Computation and memory issues of cholesky and cholesky_inverse

maciejkorzepa · May 9, 2020, 11:52am

Hi, I’ve been looking into torch.cholesky and torch.cholesky_inverse for large matrices and have experienced some problems with them.

When I run the following script:

import torch

A = torch.randn(30000, 40000, device='cuda')
A = A @ A.t()

%time L = torch.cholesky(A)
del A
%time A_inv = torch.cholesky_inverse(L)

it prints:

CPU times: user 24.5 s, sys: 352 ms, total: 24.9 s
Wall time: 22 s
CPU times: user 3min 36s, sys: 969 ms, total: 3min 37s
Wall time: 42.7 s

I’m really confused about the long run time of cholesky_inverse. As I understand it computes L_inv.t() @ L_inv and L_inv should be computed in O(n^2) time as L is a lower triangular matrix. However, it’s running much longer than the cholesky factorization which needs O(n^3) time. With these sizes, I would expect cholesky_inverse to take an instant.

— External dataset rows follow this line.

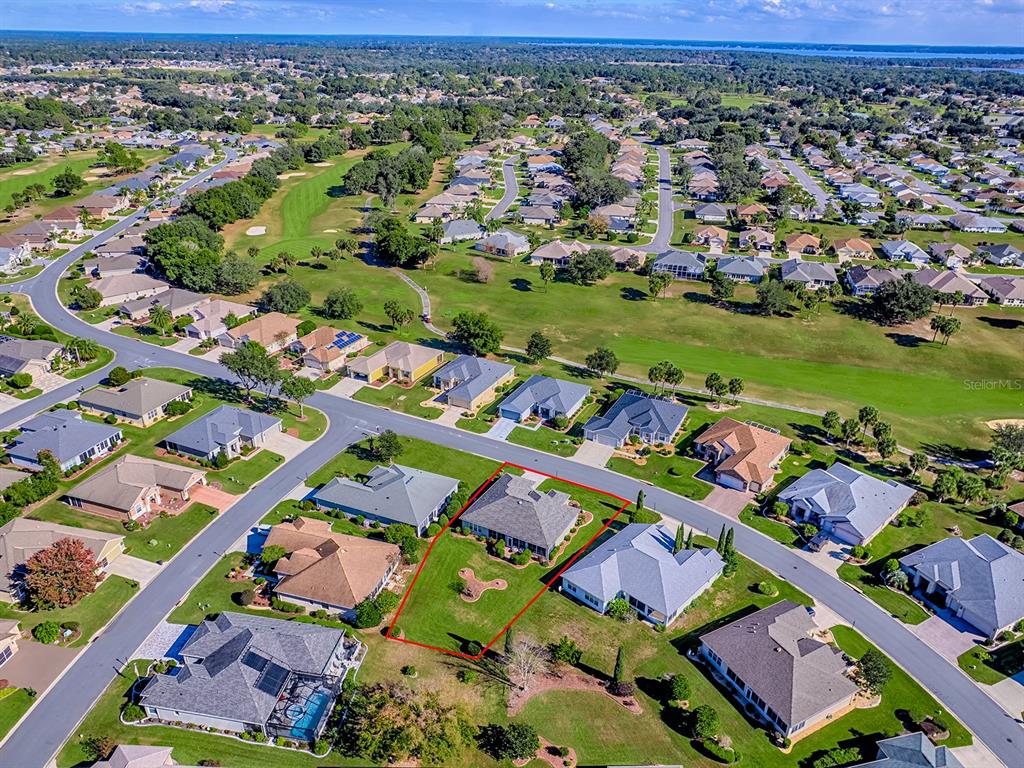 13324 Southeast 91st Court Road Summerfield, FL 34491 - Photo 43 of 46 an aerial view of a city
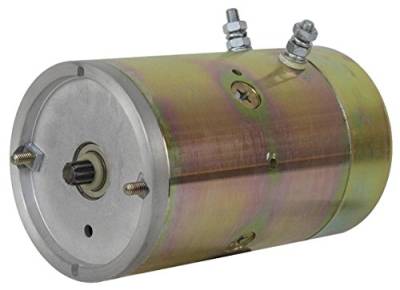 Rareelectrical - New 24V 140A Hydraulic Motor Compatible With Fenner Fluid Power W-8989 W-9789 W-9792 11.216.385 - Image 5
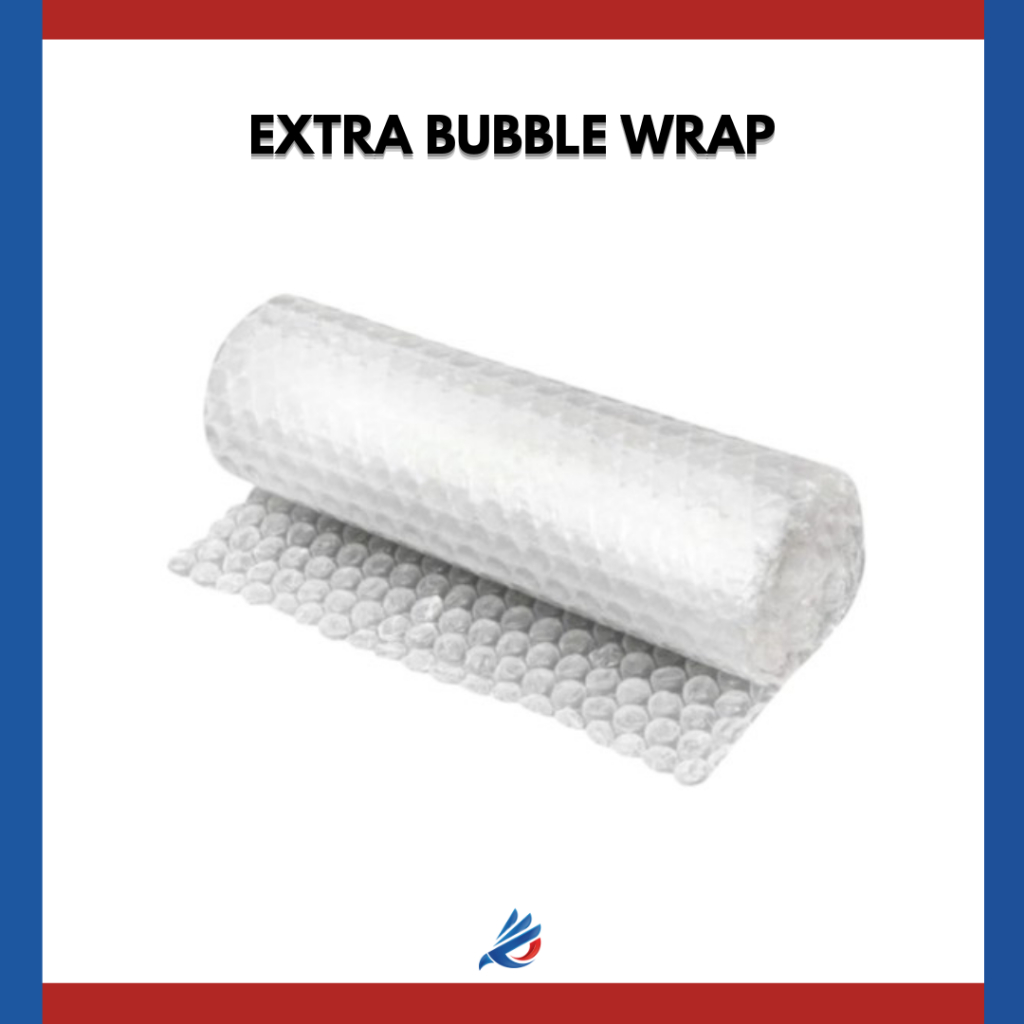 

Extra Bubble Wrap Untuk Keamanan Tambahan Paket
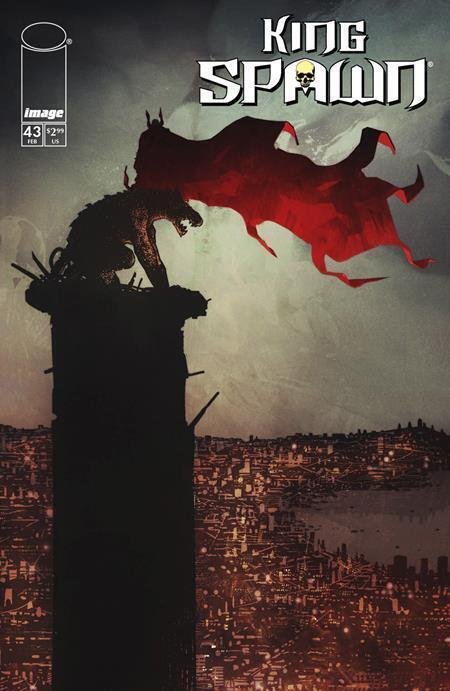 King Spawn #43 Cover A or B (Pick a Variant) Bagged & Boarded Image Comics 2025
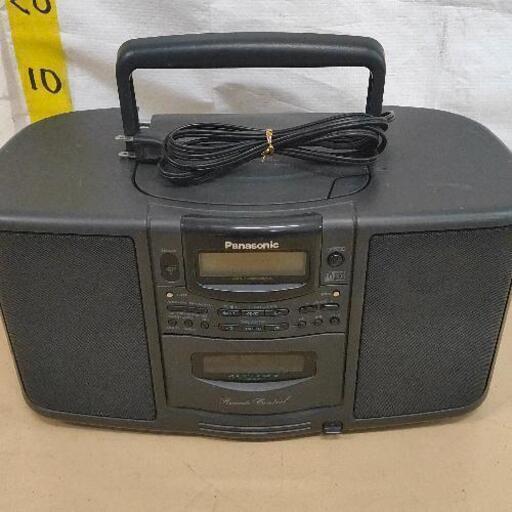 0202-014 Panasonic RX-DS303 ラジカセ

My another doubt is about the memory consumption of cholesky. I thought that if I do torch.cholesky(A, out=A) on a 50000 x 50000 float matrix A (9.31GB) then I should not run out of memory on a 12GB GPU. However, I can see that pytorch tries to allocate another 9.31GB which throws an OOM error. My guess is that even though Cholesky decomposition can be calculated in-place, the corresponding MAGMA routine doesn’t do exactly that and allocates another 9.31 GB of memory for performance reasons?

maciejkorzepa · May 9, 2020, 9:09pm

I realized that the very slow run times were due to another user occupying the GPU node and using up all the CPU resources. Now for the same setup cholesky takes ~2.5s and the cholesky_inverse takes ~0.6s (still I would expect it would be faster, but it’s not a problem now).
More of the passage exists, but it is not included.